____ Data for this exercise
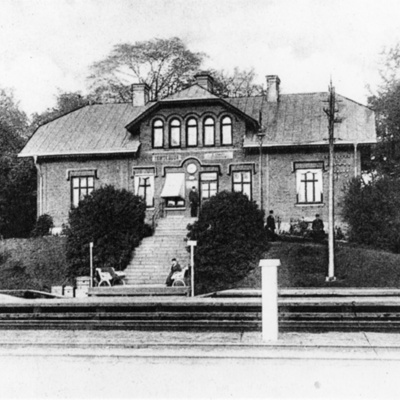 Solb 1988 47 1 - Stationshuset vid Tomteboda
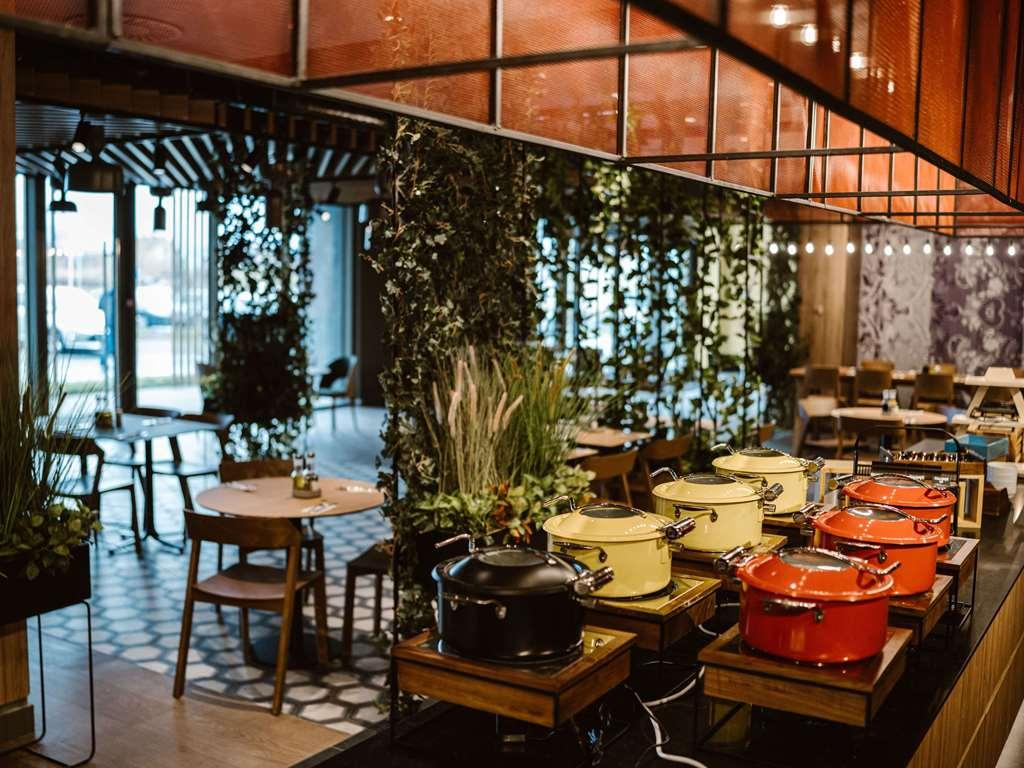 Ibis Styles Sibiu Arsenal Hotel Restoran foto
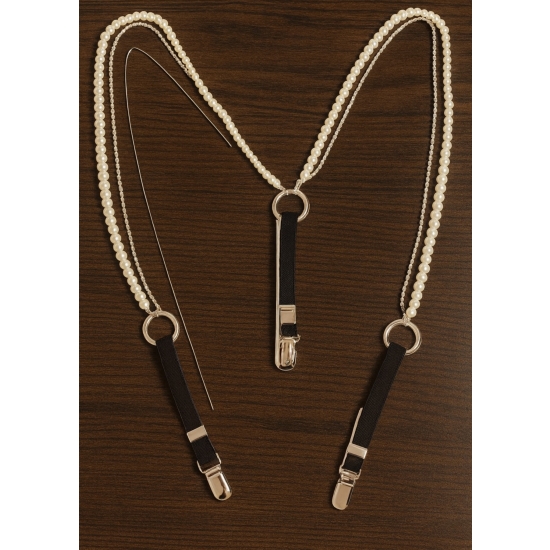 Eleganckie szelki z perłowymi zdobieniami – stylowy dodatek, który łączy klasykę z modowym charakterem.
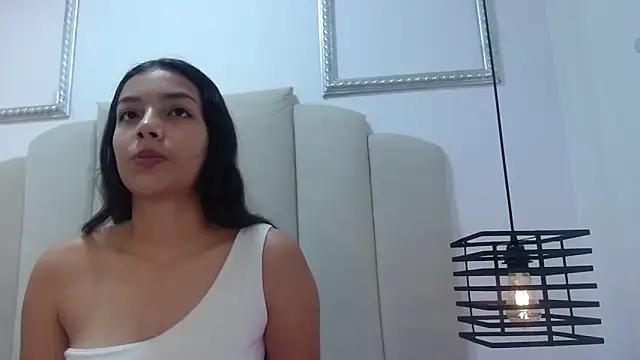 emilygroe from StripChat is Freechat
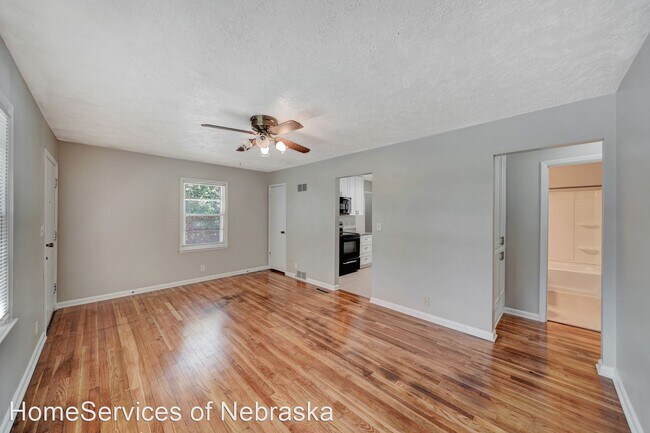 Building Photo - 3 br, 2 bath House - 4610 Hillside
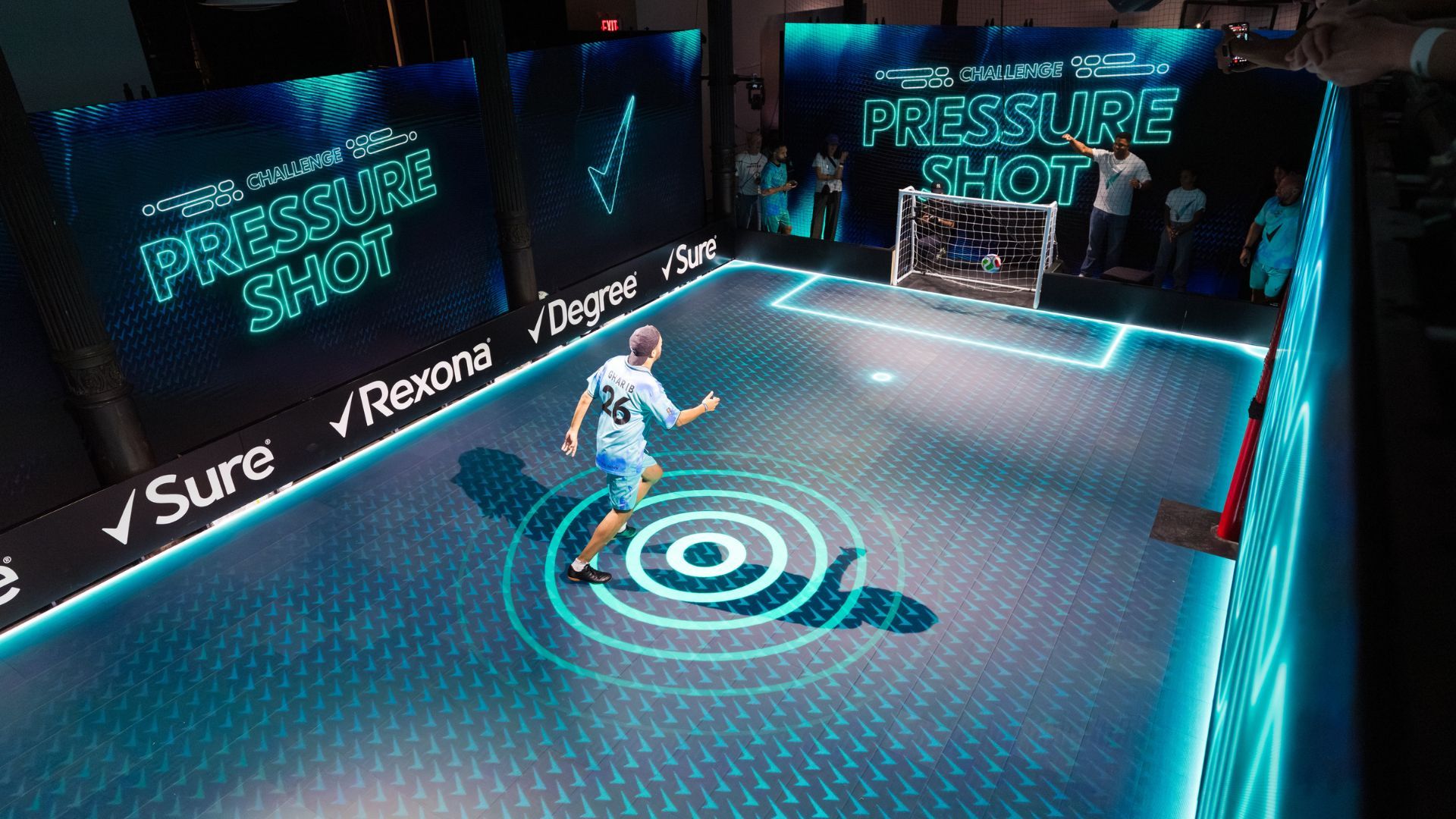 Um homem marca um gol no Pressure Shot Challenge, iniciativa promovida pelas marcas de Unilever Personal Care durante a Copa do Mundo FIFA 2026™.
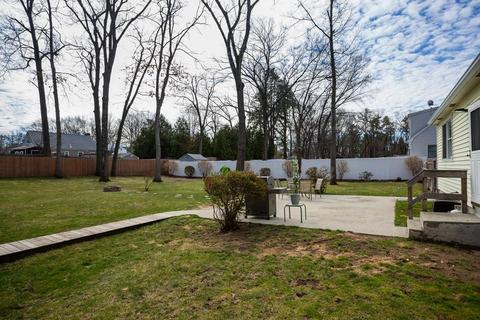 141 Donbray Rd, Springfield, MA 01119 photo 26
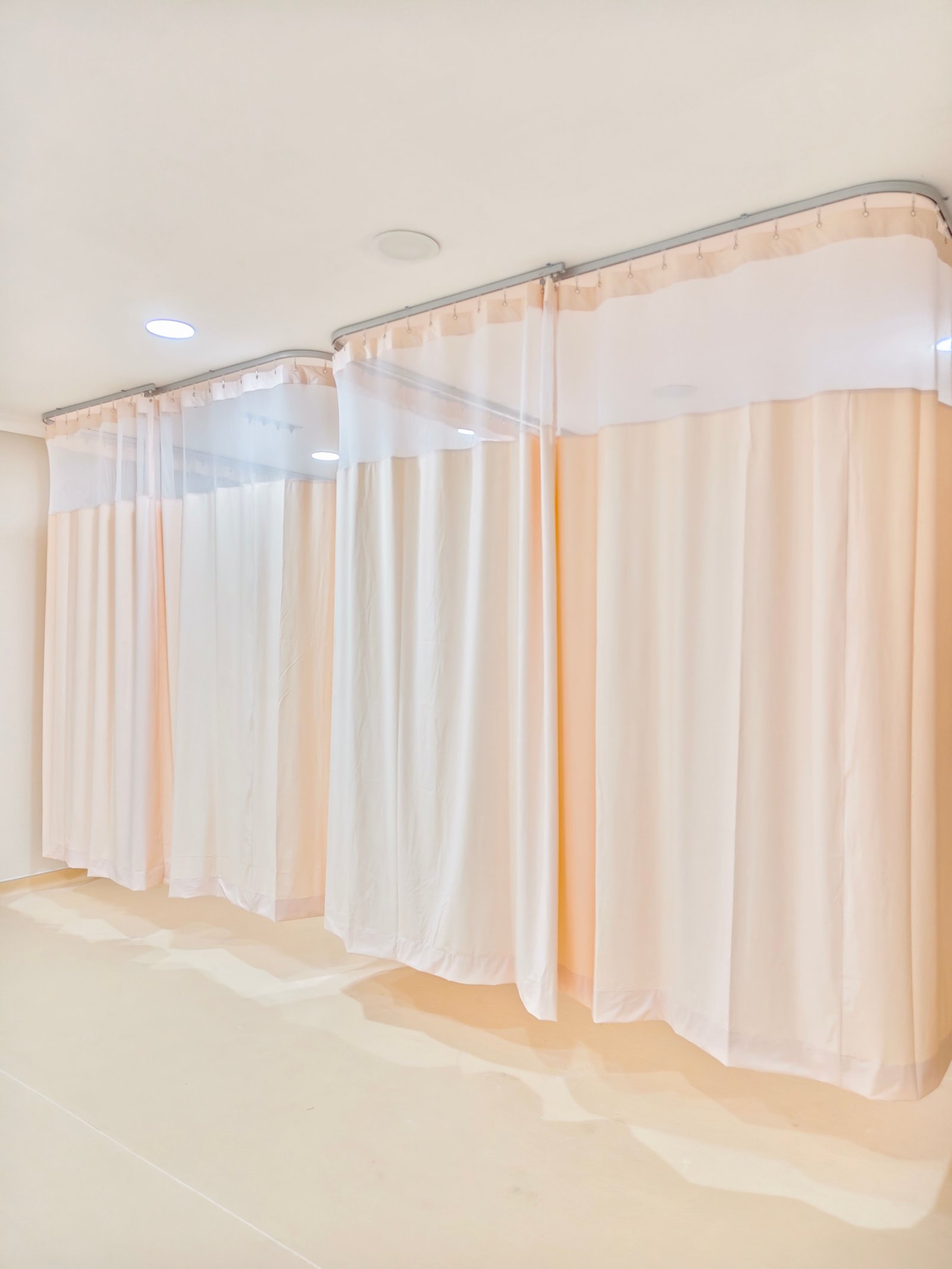 Harga Gorden Klinik Umum: Paket Pengadaan Tirai Rel Lengkung untuk Ruang Rawat 5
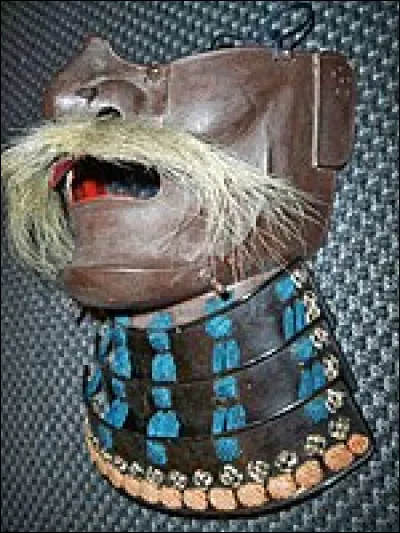 Quel est le terme pour désigner les nombreuses variétés de protection faciales portées avec le casque (kabuto) par les samouraïs japonais ?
________
Description of the task = Give the records again without a single change, and exclude the pictures.

Result of this exercise =
 Solb 1988 47 1 - Stationshuset vid Tomteboda
 Ibis Styles Sibiu Arsenal Hotel Restoran foto
 Eleganckie szelki z perłowymi zdobieniami – stylowy dodatek, który łączy klasykę z modowym charakterem.
 emilygroe from StripChat is Freechat
 Building Photo - 3 br, 2 bath House - 4610 Hillside
 Um homem marca um gol no Pressure Shot Challenge, iniciativa promovida pelas marcas de Unilever Personal Care durante a Copa do Mundo FIFA 2026™.
 141 Donbray Rd, Springfield, MA 01119 photo 26
 Harga Gorden Klinik Umum: Paket Pengadaan Tirai Rel Lengkung untuk Ruang Rawat 5
 Quel est le terme pour désigner les nombreuses variétés de protection faciales portées avec le casque (kabuto) par les samouraïs japonais ?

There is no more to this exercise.